#### YOUR GOAL:
What are the lines, word for word, from the line with "SIILOOM 3x10 Modern" up to and including the line with "5 pièces connecteur" in the records below? Omit the pictures.

**** INFORMATION SUPPLIED

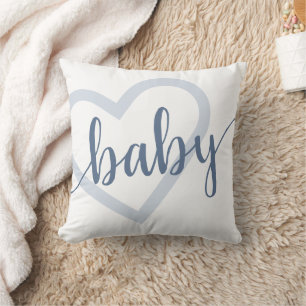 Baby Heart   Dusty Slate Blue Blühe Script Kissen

********
**** INFORMATION SUPPLIED

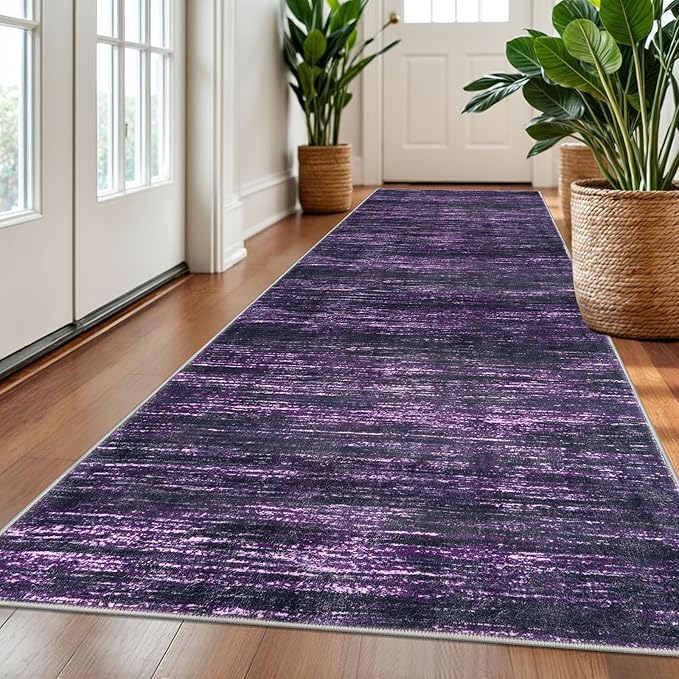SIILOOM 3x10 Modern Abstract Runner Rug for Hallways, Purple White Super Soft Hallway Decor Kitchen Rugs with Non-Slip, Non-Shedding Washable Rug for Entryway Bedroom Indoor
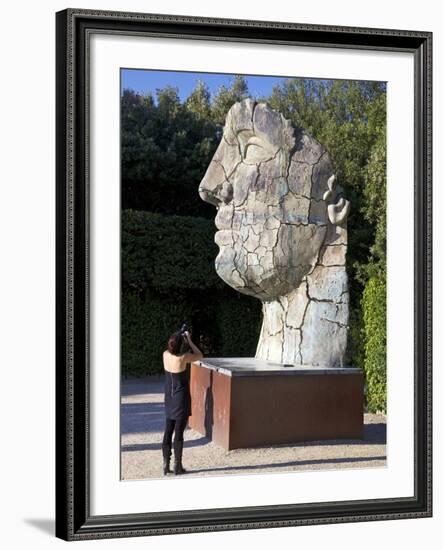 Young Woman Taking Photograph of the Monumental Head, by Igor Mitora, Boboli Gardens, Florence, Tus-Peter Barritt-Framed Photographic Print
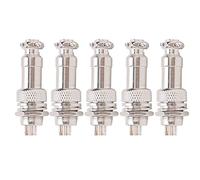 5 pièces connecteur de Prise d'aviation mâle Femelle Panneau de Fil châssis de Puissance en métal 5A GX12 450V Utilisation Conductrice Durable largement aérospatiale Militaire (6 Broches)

********

#### SOLVED EXERCISE:
SIILOOM 3x10 Modern Abstract Runner Rug for Hallways, Purple White Super Soft Hallway Decor Kitchen Rugs with Non-Slip, Non-Shedding Washable Rug for Entryway Bedroom Indoor
 Young Woman Taking Photograph of the Monumental Head, by Igor Mitora, Boboli Gardens, Florence, Tus-Peter Barritt-Framed Photographic Print
 5 pièces connecteur de Prise d'aviation mâle Femelle Panneau de Fil châssis de Puissance en métal 5A GX12 450V Utilisation Conductrice Durable largement aérospatiale Militaire (6 Broches)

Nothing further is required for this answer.